After locating the line with "a smart watch sitting on top of a stand" in the data that follows, return it and every later line exactly, up to and including the line with "Neon BOO sign".

※ ※ ※

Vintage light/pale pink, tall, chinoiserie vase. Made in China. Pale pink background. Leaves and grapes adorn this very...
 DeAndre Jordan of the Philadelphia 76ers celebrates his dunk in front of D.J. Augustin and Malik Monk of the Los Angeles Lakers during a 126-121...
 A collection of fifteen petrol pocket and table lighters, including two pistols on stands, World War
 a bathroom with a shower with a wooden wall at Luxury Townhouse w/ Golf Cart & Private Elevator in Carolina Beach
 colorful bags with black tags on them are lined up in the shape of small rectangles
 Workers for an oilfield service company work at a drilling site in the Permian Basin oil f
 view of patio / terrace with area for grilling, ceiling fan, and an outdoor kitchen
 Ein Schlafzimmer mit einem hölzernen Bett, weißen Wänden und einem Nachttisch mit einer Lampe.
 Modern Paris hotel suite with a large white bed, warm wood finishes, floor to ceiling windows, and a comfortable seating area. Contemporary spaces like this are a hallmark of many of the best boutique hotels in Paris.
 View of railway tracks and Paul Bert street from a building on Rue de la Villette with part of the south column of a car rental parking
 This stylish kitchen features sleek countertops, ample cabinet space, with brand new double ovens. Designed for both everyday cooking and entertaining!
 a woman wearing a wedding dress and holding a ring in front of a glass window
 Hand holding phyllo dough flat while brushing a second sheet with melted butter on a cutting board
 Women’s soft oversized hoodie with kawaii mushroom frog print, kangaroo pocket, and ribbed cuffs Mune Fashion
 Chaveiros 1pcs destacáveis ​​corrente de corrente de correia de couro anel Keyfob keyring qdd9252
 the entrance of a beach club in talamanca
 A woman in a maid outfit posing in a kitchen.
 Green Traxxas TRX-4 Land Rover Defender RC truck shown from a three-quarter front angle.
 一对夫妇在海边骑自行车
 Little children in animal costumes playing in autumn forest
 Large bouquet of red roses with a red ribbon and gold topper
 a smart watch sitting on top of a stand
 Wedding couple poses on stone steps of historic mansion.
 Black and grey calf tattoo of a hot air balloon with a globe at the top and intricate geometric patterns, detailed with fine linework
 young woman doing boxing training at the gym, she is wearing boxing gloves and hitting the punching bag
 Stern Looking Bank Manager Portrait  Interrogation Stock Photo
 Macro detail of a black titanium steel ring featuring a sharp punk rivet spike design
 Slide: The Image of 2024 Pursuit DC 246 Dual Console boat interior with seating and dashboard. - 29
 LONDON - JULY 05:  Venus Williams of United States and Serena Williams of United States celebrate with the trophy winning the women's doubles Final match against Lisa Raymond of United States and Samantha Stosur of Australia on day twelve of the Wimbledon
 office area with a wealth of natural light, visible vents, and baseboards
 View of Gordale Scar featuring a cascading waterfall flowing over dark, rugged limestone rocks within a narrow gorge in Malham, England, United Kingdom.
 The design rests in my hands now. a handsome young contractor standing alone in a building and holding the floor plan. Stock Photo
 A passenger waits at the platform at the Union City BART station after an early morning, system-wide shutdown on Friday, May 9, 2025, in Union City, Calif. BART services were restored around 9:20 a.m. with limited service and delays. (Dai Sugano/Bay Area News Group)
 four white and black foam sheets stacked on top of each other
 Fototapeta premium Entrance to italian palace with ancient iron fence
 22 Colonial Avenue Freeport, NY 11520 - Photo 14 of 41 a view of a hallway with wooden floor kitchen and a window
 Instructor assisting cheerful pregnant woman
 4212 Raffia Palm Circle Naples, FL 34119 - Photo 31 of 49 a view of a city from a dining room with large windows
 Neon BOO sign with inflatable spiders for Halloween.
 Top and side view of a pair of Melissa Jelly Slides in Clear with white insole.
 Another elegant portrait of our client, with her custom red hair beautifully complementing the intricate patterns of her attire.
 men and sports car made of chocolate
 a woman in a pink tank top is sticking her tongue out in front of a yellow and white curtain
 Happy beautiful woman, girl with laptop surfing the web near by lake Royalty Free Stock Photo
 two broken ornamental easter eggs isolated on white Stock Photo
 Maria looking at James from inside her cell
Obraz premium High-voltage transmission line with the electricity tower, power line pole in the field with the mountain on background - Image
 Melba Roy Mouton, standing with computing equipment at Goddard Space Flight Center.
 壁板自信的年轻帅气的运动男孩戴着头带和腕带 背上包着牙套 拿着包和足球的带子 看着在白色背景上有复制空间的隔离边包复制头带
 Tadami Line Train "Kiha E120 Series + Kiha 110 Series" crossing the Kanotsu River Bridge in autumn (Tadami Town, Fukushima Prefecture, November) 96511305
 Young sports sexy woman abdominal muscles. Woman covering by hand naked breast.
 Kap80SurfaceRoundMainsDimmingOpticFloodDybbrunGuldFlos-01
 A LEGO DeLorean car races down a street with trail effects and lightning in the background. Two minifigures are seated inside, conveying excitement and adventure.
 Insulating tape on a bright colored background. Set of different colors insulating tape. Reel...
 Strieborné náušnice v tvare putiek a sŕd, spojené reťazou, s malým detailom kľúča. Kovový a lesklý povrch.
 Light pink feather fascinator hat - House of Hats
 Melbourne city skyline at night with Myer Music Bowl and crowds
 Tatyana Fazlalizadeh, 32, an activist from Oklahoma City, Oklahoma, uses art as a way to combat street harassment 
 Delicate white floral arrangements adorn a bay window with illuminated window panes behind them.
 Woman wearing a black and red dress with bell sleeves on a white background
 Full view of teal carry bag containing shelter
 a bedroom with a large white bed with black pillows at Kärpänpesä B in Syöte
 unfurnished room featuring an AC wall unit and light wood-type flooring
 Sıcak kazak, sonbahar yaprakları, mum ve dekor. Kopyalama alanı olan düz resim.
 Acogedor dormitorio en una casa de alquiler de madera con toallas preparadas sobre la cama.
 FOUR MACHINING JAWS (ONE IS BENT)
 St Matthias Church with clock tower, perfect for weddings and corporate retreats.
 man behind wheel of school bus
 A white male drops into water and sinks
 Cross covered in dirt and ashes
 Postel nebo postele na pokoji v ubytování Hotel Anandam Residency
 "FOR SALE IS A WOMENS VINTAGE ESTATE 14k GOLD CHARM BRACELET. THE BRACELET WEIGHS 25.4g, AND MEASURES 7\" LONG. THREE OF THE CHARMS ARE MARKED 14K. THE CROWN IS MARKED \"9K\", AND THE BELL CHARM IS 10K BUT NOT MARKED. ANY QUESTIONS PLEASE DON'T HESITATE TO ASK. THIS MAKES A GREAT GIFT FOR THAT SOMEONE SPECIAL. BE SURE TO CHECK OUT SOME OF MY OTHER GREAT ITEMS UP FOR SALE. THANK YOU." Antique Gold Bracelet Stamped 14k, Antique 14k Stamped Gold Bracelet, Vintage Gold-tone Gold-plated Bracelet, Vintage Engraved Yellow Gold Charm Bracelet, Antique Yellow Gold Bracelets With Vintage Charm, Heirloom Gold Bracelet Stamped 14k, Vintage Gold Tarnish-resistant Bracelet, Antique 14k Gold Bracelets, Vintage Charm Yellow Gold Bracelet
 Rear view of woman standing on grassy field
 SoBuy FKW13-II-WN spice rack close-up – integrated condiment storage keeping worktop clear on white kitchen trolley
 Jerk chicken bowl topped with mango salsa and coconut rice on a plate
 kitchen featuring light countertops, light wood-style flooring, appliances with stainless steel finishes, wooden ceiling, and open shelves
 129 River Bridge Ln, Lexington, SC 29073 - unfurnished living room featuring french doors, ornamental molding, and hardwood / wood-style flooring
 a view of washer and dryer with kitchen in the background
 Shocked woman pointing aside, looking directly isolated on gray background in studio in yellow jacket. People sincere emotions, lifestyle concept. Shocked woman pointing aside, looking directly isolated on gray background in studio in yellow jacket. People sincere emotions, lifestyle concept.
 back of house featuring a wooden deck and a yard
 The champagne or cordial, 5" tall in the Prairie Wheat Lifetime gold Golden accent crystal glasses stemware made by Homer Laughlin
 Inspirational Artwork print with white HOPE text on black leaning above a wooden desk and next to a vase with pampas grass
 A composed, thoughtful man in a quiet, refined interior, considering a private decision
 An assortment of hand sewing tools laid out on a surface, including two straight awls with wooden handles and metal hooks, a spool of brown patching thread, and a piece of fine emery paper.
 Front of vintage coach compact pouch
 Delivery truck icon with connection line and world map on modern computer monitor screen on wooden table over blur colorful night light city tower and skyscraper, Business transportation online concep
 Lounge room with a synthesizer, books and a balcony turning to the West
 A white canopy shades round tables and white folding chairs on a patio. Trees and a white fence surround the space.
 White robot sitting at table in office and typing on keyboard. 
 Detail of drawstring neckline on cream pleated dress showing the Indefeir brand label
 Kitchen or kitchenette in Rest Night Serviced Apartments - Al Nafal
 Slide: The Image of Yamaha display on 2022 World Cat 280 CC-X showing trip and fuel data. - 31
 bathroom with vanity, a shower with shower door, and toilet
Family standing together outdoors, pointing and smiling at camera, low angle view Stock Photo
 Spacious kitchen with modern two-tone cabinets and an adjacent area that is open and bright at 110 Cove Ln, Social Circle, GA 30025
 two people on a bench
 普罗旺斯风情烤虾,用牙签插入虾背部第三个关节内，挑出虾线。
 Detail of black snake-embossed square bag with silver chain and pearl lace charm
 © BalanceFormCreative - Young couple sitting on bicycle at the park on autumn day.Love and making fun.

※ ※ ※

Task response:
 a smart watch sitting on top of a stand
 Wedding couple poses on stone steps of historic mansion.
 Black and grey calf tattoo of a hot air balloon with a globe at the top and intricate geometric patterns, detailed with fine linework
 young woman doing boxing training at the gym, she is wearing boxing gloves and hitting the punching bag
 Stern Looking Bank Manager Portrait  Interrogation Stock Photo
 Macro detail of a black titanium steel ring featuring a sharp punk rivet spike design
 Slide: The Image of 2024 Pursuit DC 246 Dual Console boat interior with seating and dashboard. - 29
 LONDON - JULY 05:  Venus Williams of United States and Serena Williams of United States celebrate with the trophy winning the women's doubles Final match against Lisa Raymond of United States and Samantha Stosur of Australia on day twelve of the Wimbledon
 office area with a wealth of natural light, visible vents, and baseboards
 View of Gordale Scar featuring a cascading waterfall flowing over dark, rugged limestone rocks within a narrow gorge in Malham, England, United Kingdom.
 The design rests in my hands now. a handsome young contractor standing alone in a building and holding the floor plan. Stock Photo
 A passenger waits at the platform at the Union City BART station after an early morning, system-wide shutdown on Friday, May 9, 2025, in Union City, Calif. BART services were restored around 9:20 a.m. with limited service and delays. (Dai Sugano/Bay Area News Group)
 four white and black foam sheets stacked on top of each other
 Fototapeta premium Entrance to italian palace with ancient iron fence
 22 Colonial Avenue Freeport, NY 11520 - Photo 14 of 41 a view of a hallway with wooden floor kitchen and a window
 Instructor assisting cheerful pregnant woman
 4212 Raffia Palm Circle Naples, FL 34119 - Photo 31 of 49 a view of a city from a dining room with large windows
 Neon BOO sign with inflatable spiders for Halloween.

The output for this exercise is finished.